The three pictures above show the same orientation of a chunk of the Vasquez Formation sandstone. The first picture shows the chunk laying loose on the abandoned highway. Notice the white seam of gypsum crystals. I put this piece of rock in a bucket of water for two days. The next pictures show the results of my experiment. The middle picture is after only two days, and the last picture is after two weeks. As you can see, the rock mostly disintegrated via absorption of the water. This geological process is called "slaking." Just imagine how much hydrostatic pressure a rock like this would experience at the bottom of a dam after a short time. 

The next three pictures show the VERY close proximity of landslides along the east side of the dam.

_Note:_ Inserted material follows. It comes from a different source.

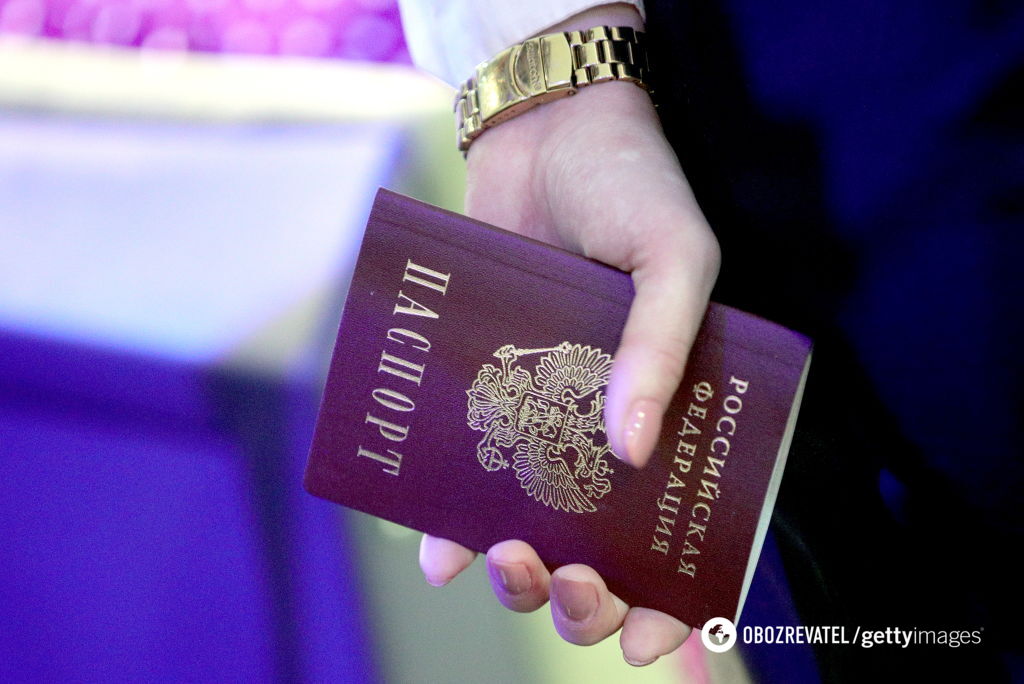У Держдумі планують безкоштовно видавати паспорти РФ жителям окупованого Донбасу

The view is to the east and shows the landslide scarps (their "heads" are just below a road) on the east side directly opposite the dam. These scarps are very steep and are underlaid by the Pelona Schist, which is this area has a very high angle of foliation (i.e., its component layers are steep enough to easily fail and cause landslides). The white rubble in the foreground is what is left of the concrete "wing" along the west side of the dam. The "wing" was demolished by workers after the dam failed. 

This is a side view of the landslide scarps, which are immediately east of the dam (now just a pile of rubble). Notice the series of stair-step-like surfaces of concrete just above the road on middle left side of the photograph. I showed a closeup of them in my previous post. The main reason I used this photograph is to show the steep slippage planes in the landslides areas (mentioned and shown above) of the Pelona Schist. These landslides are mostly ancient landslides (paleo-landslides), which are obvious to the trained eye but were not recognized as such by the builders of the dam.

This last view shows the frontal view of the landslide scarps, with the remains of the dam in the foreground.

At the Govenor's request, a commission investigated the failure of the dam. They found that it did not fail because of weak concrete. It failed because of many problems. Some of these are recognizable geologic problems and include: 1) The inevitable landslides associated with the poor quality rock and steep inclination of the foliated Pelona Schist along the east abutment of the dam; 2) the even worst quality rock of the crumbly, porous Vasquez Formation along the west abutment; and 3) the crumbly and weak nature of the actual fault zone itself.

For those who want to see some really great vintage photographs of the dam immediately after its collapse, please Google the following phrase: slaking St. Francis dam disaster. You ought to check it out; it is worth the effort. By the way, you will also discover that there have been several books written about the failure of the dam. A few are still in print.